Take the entries below and reproduce exactly the portion that begins at the line containing "Poseł Bartosz Romowicz" and ends at the line containing "Lait de corps", keeping both ends, dropping pictures, and adding nothing else.

━━ SUPPLIED INFORMATION ━━

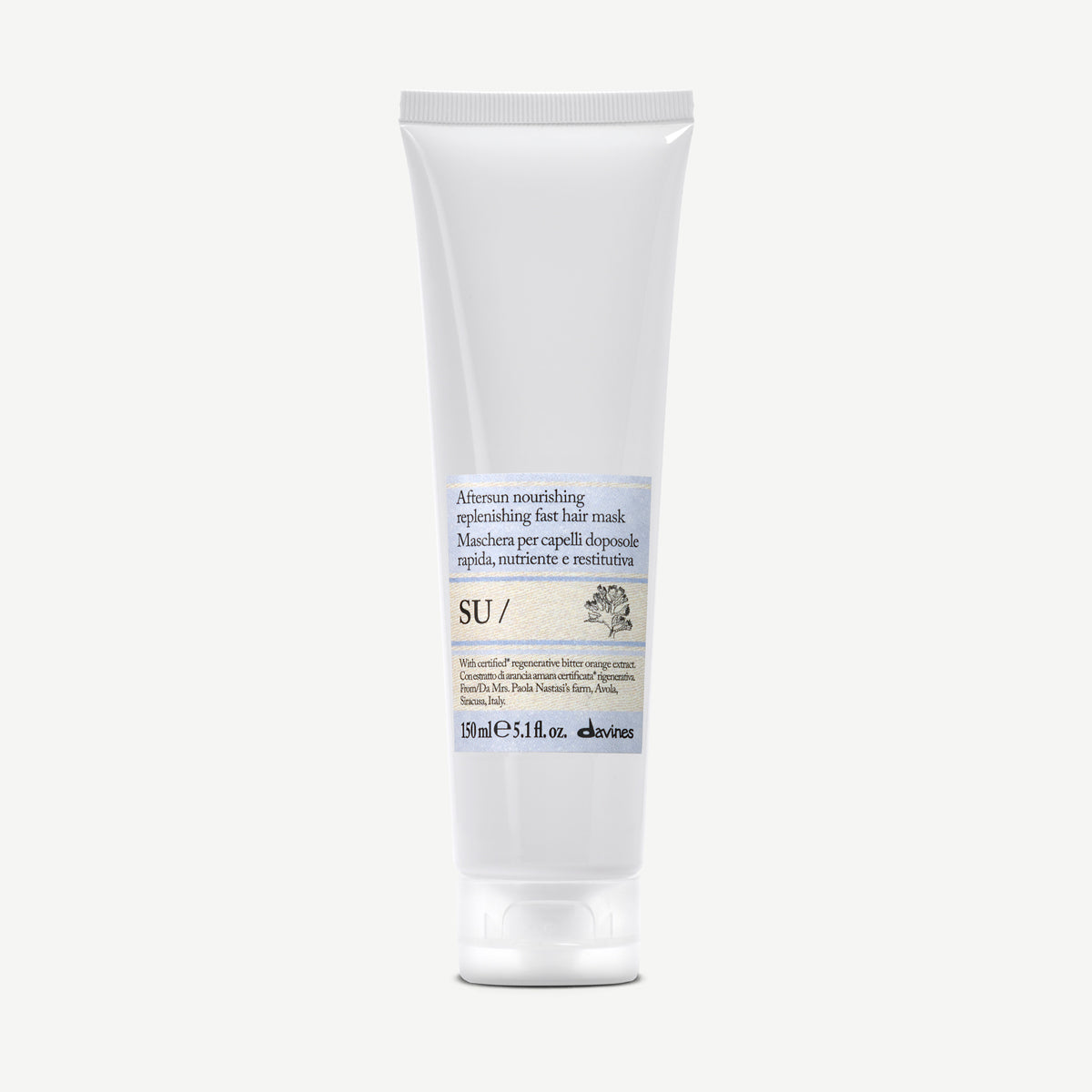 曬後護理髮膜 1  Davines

━━━
━━ SUPPLIED INFORMATION ━━

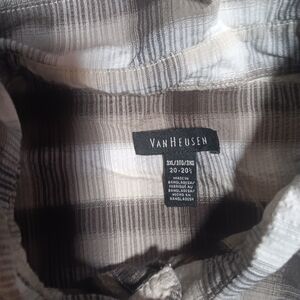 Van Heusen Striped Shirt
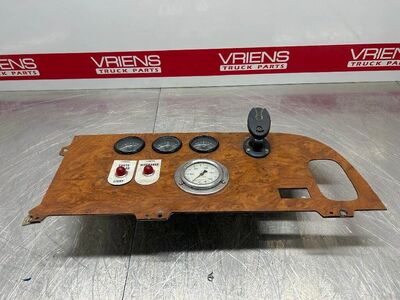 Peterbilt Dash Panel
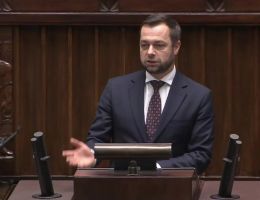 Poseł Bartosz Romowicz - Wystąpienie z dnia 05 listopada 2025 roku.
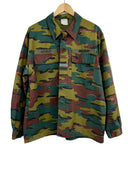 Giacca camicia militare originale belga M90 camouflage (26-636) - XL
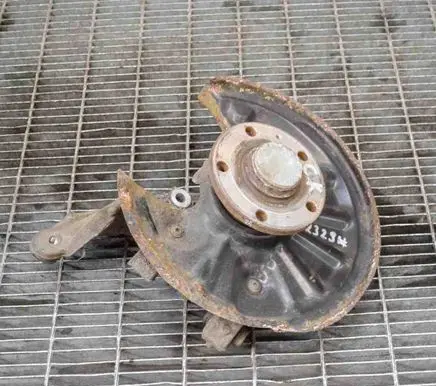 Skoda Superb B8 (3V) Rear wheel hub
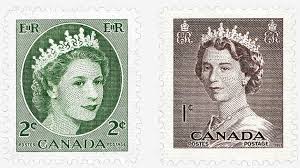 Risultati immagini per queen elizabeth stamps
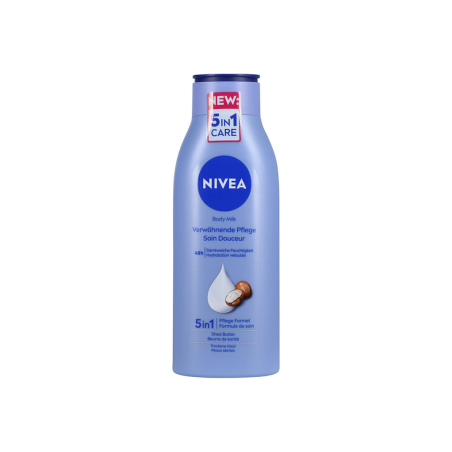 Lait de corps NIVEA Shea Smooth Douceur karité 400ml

━━━
━━ SUPPLIED INFORMATION ━━

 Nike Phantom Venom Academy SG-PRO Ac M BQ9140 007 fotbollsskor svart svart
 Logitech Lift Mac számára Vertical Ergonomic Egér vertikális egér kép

━━━

*ANSWER BELOW*.
 Poseł Bartosz Romowicz - Wystąpienie z dnia 05 listopada 2025 roku.
 Giacca camicia militare originale belga M90 camouflage (26-636) - XL
 Skoda Superb B8 (3V) Rear wheel hub
 Risultati immagini per queen elizabeth stamps
 Lait de corps NIVEA Shea Smooth Douceur karité 400ml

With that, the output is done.